_Records for this task_:

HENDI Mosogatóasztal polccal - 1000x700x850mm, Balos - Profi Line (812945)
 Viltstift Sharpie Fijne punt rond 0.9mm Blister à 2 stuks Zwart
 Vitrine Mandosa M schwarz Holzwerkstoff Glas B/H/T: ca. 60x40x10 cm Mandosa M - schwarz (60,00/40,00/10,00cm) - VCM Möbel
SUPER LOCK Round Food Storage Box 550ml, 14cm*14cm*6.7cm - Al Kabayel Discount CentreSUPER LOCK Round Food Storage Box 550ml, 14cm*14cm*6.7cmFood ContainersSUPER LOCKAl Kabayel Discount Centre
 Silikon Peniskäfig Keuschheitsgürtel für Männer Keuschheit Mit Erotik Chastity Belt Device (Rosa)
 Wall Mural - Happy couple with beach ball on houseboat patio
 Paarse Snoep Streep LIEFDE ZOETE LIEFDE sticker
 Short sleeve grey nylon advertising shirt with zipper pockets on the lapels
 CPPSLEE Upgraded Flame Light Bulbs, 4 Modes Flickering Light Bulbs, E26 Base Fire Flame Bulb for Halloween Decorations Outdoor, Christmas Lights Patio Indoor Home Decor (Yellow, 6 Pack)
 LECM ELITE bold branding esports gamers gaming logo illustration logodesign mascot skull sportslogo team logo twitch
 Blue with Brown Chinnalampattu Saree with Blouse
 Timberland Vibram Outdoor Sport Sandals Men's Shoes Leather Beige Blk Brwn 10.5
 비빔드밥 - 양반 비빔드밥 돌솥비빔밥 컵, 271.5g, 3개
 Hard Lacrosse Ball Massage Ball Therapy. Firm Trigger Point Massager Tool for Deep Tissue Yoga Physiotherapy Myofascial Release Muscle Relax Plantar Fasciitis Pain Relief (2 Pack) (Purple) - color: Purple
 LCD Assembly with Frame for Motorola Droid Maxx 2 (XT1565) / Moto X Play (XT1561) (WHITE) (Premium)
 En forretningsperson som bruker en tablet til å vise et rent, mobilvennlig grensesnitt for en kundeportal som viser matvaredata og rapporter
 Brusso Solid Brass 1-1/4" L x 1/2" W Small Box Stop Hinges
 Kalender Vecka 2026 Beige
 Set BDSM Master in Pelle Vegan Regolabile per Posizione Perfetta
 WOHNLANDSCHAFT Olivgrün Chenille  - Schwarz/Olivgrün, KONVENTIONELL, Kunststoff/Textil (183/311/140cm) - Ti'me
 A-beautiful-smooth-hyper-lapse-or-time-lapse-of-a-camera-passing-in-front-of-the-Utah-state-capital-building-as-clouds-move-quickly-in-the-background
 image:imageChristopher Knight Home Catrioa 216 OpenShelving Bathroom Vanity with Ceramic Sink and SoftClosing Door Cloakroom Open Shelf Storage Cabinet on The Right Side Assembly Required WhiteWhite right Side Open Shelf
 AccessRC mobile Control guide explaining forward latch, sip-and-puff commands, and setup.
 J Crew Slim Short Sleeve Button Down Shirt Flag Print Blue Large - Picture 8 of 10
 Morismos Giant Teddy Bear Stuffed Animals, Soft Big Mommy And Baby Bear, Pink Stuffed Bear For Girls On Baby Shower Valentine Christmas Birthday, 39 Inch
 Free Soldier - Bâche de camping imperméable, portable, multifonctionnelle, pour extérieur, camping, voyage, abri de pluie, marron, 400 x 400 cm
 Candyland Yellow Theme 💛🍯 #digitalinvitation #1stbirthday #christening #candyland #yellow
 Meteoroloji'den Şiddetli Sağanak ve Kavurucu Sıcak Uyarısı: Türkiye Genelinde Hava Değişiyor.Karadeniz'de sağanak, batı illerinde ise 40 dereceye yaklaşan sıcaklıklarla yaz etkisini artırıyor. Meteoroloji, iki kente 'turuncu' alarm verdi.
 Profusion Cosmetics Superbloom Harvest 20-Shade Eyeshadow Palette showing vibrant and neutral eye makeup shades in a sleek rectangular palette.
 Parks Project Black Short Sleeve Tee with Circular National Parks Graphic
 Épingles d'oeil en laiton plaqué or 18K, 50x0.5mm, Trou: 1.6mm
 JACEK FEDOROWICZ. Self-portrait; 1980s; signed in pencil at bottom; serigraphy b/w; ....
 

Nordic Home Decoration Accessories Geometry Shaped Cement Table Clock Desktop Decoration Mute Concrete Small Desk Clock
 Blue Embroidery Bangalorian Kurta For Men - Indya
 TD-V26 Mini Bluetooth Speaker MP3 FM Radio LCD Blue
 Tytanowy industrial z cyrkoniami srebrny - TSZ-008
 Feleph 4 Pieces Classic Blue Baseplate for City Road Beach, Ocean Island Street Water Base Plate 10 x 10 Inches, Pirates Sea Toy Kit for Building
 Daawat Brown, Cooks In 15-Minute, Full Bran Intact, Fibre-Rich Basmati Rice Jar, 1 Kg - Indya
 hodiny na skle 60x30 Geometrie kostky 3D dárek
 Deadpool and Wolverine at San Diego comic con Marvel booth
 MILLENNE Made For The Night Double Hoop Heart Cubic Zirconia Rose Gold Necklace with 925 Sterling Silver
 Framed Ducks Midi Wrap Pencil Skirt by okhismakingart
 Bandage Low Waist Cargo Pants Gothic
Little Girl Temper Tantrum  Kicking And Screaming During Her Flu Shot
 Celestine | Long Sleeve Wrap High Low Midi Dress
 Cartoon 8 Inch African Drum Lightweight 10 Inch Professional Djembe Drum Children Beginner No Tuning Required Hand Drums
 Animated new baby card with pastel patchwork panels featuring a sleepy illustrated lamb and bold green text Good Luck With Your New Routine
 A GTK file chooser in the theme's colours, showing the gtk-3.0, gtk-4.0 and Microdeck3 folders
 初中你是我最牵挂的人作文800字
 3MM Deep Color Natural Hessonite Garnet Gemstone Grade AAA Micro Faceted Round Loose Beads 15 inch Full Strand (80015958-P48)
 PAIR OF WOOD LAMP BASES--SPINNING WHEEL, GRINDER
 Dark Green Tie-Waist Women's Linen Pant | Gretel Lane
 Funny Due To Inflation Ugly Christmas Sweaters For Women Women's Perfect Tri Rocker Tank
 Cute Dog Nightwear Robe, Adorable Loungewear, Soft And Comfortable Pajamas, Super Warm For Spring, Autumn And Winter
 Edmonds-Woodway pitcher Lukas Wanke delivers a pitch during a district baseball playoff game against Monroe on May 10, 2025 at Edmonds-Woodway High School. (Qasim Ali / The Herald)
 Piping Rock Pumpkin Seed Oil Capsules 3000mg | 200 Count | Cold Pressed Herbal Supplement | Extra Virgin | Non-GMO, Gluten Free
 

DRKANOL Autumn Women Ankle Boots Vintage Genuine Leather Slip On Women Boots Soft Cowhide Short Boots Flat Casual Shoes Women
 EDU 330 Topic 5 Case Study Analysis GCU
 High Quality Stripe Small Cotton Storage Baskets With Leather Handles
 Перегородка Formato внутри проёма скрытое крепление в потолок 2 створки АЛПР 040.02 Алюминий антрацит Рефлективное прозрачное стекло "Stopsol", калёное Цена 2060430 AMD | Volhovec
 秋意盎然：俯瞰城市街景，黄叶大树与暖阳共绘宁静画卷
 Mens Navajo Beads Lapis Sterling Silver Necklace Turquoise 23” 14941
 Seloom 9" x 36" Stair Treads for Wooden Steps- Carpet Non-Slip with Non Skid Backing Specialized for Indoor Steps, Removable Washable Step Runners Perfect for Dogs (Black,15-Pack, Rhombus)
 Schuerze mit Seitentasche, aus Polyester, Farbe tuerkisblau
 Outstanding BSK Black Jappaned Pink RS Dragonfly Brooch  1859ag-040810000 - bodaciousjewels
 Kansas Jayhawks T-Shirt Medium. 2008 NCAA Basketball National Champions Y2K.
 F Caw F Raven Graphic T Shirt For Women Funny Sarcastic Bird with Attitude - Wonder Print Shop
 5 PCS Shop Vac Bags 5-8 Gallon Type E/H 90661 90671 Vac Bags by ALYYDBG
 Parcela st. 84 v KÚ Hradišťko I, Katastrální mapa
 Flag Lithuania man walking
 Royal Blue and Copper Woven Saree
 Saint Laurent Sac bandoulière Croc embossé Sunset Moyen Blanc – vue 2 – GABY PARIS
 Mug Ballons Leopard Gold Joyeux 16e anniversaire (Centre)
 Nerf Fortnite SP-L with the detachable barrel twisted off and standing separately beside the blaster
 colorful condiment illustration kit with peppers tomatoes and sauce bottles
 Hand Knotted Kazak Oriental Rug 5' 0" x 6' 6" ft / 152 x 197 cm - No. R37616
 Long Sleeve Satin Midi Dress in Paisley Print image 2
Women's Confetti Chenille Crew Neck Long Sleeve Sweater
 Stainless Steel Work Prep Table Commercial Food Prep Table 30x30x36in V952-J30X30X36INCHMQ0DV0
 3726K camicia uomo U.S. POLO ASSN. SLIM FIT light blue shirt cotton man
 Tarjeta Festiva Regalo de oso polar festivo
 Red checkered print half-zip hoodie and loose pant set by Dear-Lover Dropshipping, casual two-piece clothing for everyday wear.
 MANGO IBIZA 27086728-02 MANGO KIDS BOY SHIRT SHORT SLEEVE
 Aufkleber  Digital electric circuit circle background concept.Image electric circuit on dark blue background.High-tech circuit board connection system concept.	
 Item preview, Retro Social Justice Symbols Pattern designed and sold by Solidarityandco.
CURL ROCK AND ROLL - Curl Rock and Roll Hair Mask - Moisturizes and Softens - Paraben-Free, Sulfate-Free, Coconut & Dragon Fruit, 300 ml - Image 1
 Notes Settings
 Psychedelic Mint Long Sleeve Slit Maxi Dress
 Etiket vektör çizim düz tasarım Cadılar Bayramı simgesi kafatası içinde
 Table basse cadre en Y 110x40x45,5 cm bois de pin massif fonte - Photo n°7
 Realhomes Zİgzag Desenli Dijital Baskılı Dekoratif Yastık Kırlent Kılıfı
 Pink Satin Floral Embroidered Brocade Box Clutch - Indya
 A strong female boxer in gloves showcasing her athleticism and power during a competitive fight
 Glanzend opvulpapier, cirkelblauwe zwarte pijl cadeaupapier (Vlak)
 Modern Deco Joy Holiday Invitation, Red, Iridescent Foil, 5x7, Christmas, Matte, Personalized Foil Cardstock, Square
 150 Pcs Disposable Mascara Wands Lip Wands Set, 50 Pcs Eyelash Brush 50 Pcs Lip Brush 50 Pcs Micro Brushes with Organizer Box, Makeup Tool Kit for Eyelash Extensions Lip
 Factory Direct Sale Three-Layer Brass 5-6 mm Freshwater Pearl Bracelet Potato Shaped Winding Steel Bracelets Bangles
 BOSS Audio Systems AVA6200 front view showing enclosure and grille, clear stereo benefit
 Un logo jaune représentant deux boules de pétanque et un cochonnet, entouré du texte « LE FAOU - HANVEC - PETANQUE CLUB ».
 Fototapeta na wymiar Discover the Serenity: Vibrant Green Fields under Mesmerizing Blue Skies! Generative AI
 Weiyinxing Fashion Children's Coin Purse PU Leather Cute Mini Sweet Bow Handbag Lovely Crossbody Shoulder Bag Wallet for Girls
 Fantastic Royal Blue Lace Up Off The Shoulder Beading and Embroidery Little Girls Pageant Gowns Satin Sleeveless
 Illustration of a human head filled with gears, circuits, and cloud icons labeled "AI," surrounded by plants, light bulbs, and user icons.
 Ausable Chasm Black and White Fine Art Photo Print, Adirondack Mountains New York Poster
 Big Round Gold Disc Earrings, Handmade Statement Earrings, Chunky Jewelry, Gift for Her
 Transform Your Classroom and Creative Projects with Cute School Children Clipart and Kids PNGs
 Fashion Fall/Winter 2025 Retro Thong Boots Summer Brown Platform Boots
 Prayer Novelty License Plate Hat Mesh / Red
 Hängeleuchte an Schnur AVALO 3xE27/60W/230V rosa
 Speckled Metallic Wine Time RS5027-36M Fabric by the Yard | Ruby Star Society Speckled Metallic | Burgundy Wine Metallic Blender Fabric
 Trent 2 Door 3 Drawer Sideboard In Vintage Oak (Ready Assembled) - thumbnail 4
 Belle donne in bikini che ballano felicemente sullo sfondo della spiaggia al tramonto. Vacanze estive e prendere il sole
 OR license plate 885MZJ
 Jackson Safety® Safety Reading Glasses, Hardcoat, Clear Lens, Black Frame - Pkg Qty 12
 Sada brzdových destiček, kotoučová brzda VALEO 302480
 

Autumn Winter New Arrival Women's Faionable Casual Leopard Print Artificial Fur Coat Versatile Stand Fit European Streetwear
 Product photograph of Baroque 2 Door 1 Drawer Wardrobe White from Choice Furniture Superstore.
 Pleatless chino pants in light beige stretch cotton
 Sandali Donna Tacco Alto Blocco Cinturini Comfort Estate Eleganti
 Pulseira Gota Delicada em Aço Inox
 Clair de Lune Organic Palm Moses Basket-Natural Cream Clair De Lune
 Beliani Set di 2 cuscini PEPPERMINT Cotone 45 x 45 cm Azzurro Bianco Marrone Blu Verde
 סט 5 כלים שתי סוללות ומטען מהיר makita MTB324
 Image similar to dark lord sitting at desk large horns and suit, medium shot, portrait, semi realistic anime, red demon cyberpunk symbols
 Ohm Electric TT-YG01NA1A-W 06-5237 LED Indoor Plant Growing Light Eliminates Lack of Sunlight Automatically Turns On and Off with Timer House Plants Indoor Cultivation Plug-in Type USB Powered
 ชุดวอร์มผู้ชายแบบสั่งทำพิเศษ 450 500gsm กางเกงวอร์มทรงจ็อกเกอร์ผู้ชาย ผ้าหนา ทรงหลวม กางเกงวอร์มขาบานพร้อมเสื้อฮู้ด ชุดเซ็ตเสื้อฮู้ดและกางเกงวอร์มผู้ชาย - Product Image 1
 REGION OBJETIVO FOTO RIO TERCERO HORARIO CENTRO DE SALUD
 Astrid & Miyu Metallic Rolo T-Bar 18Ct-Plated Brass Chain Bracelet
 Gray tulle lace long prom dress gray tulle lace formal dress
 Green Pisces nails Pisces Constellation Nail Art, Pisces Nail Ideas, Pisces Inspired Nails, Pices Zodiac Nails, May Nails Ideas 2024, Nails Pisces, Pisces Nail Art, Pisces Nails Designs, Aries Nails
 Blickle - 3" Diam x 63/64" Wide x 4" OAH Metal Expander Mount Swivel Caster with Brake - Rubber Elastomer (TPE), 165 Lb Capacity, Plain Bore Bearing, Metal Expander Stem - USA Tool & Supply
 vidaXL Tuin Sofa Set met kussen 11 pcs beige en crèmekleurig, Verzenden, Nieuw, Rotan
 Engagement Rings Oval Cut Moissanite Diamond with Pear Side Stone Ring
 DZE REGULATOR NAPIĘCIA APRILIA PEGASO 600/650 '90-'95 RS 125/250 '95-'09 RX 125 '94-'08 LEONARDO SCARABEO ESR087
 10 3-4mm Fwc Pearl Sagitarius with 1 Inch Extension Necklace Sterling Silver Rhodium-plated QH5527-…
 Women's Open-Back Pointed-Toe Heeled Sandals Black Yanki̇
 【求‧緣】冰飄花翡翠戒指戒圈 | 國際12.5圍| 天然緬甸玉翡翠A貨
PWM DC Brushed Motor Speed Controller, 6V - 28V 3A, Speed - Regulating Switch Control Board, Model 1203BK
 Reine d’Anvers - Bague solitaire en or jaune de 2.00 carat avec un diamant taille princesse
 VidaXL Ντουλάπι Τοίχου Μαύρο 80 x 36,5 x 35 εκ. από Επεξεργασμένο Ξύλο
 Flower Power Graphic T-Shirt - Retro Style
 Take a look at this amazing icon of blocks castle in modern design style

_To do_:
Show every line of the listing containing the string "Shaped" by copying it.

_Response_:
Nordic Home Decoration Accessories Geometry Shaped Cement Table Clock Desktop Decoration Mute Concrete Small Desk Clock
 Factory Direct Sale Three-Layer Brass 5-6 mm Freshwater Pearl Bracelet Potato Shaped Winding Steel Bracelets Bangles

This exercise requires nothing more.